Monitoring Wired Network Health

On the Health page, the Wired tab provides switch-related performance by giving insights into key metrics and showing aggregate values for critical network performance indicators.

On the Health page, the Wired tab is designed to facilitate KPI and service level agreement (SLA) tracking, allowing for real-time monitoring and management of network health. KPIs are organized into four categories: Overview, Connection, Performance, and Infrastructure. Each category provides access to specific health data relevant to the KPI metrics in each section, enabling you to pinpoint and address issues efficiently. Additionally, custom SLA thresholds can be configured for a subset of these KPIs, offering tailored monitoring and alerting based on specific network requirements.

Note: You can only view and manage network data for the domains to which you have access, based on the resource group creation and the role assigned to you as a user. For more information, refer to User Management and Roles and Resource Groups.
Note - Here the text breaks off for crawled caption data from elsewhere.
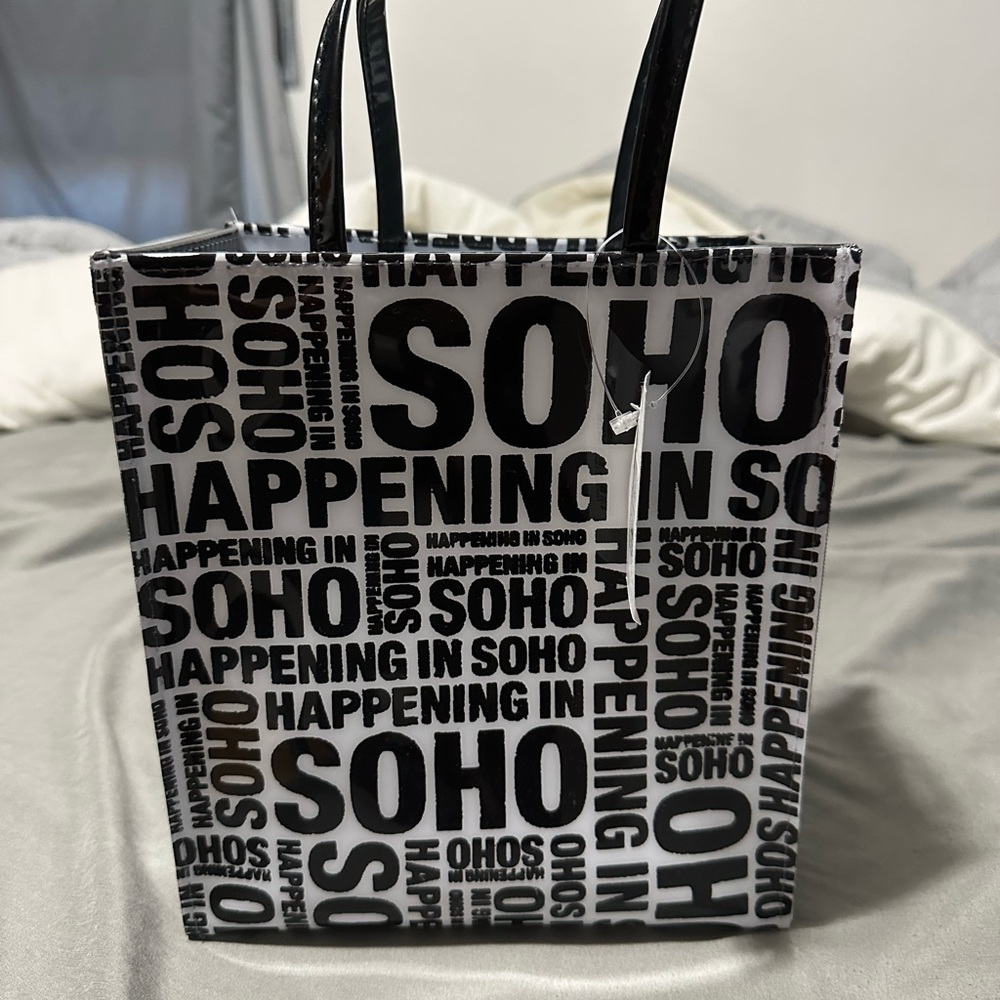 Bloomingdale’s tote bag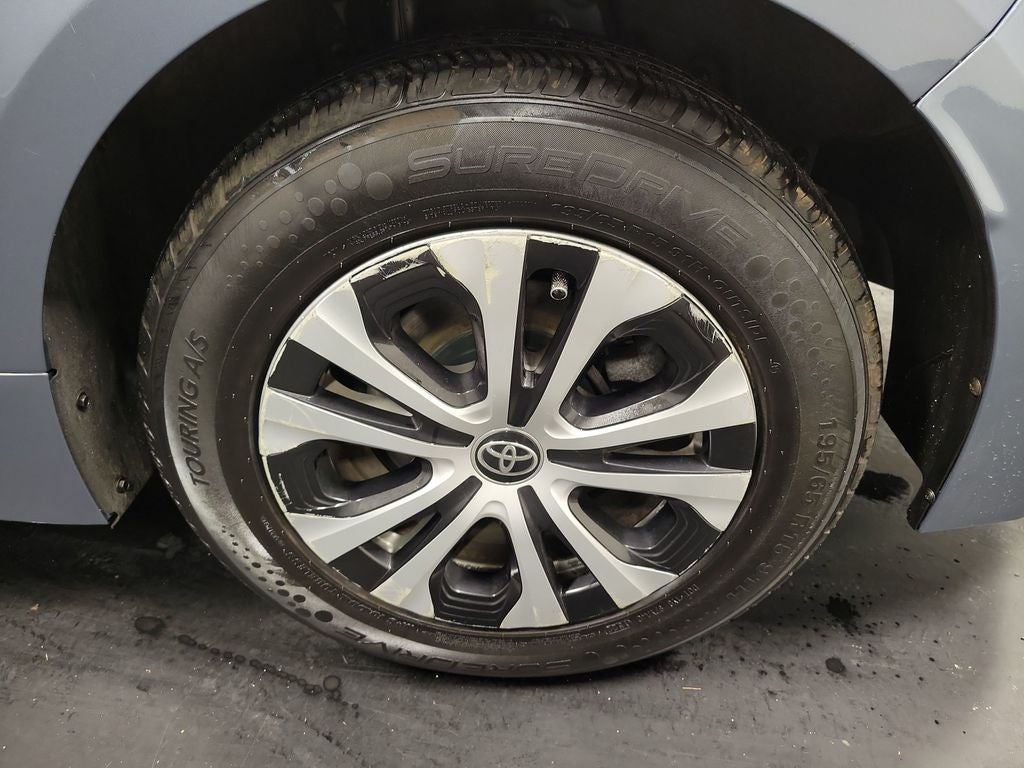 2022 Toyota Corolla Hybrid LE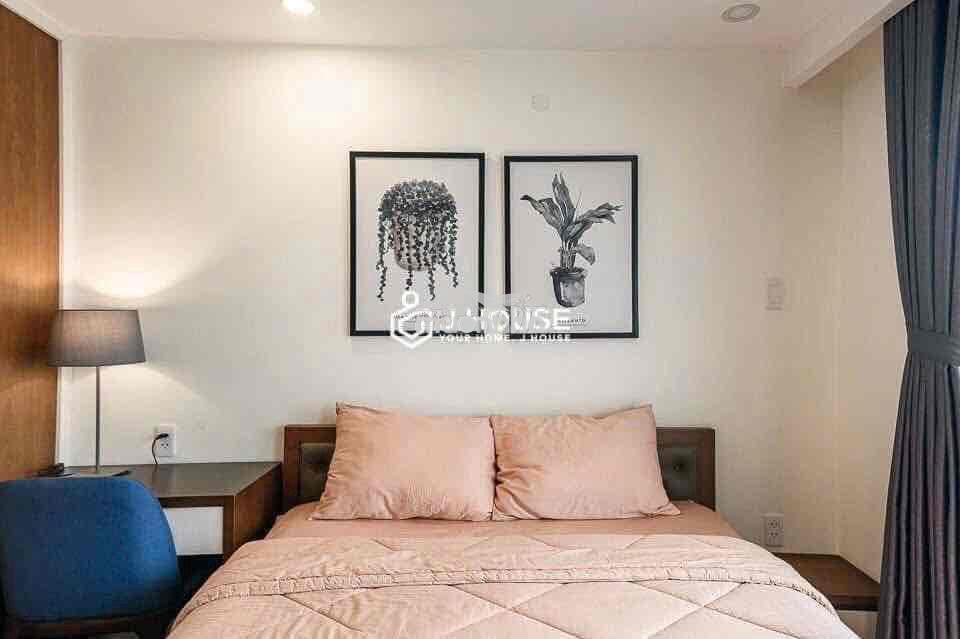 Cho thuê căn hộ full nội thất bancol thị minh khai quận 1 - 4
Accessing the Health Page for Wired Network

To access the Health page for the wired portion of your networks, navigate to AI Assurance > Network Assurance > Health > Wired tab. The Wired page is displayed.
Note: Data is displayed for switches running FastIron firmware version 10.0.10d or later or SmartZone version 7.x or later.
Health - Wired Tab

The Network Hierarchy filter and Date and Time filter are displayed in the upper-right corner of the Content panel. These options control the elements displayed within the Content Panel. For more information, refer to Network Hierarchy Filter and Date and Time filter.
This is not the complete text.